Me gustó contemplar los colore grises y azules del atardecer desde el puente, observar a los pescadores, ver los pastores de patos en el lago que con sus pequeñas embarcaciones iban recogiendo a los grupos de patos que habían pasado la mañana desparasitando aquellas aguas, y sorprender a los monjes en actividades espontáneas e inesperadas como hacer fotos con la tablet, escuchar música a través de los auriculares o no soltar su teléfono móvil. Es frecuente verlos cruzar el puente ya que hay varios monasterios a ambos lados.
Lo recorrimos entero, en una dirección y en otra, con precaución por que no tiene barandilla y aunque no es demasiado estrecho a veces coincide mucha gente en un mismo punto.
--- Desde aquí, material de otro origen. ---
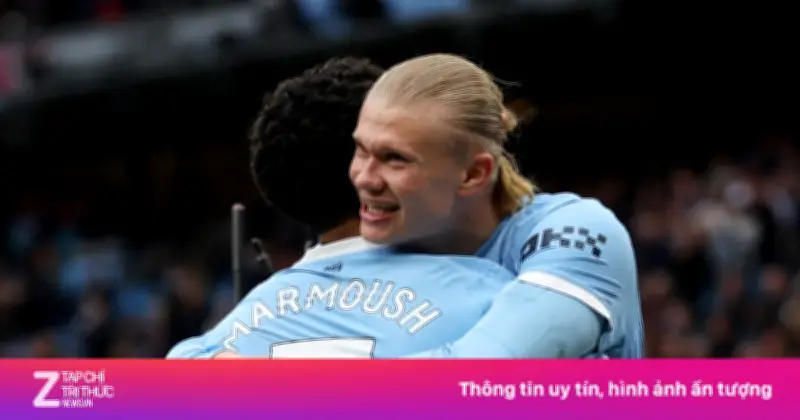 Video highlights trận Man City 3-0 Brentford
A lo largo del puente hay una serie de casetas cubiertas para descansar, donde se ubican vendedores ambulantes de comida y recuerdos.
Durante el camino de vuelta, por el puente, y viendo como el sol se escondía, pensaba en que era mi último día en Myanmar, al día siguiente iniciábamos nuestro viaje de regreso a España. En aquel puente de teca hice un repaso rápido de lo que había sido mi viaje, las últimas experiencias vividas, y también me vinieron a la memoria otros viajes realizados a otros puntos de Asia.
¿Merece la pena Myanmar? ¡Merece la pena!
Myanmar no destaca por algo en especial, por algo muy espectacular. Es un conjunto de pequeñas cosas, a todos los niveles, las que la hacen diferente y especial y que puede que otros destinos más espectaculares ya hayan perdido.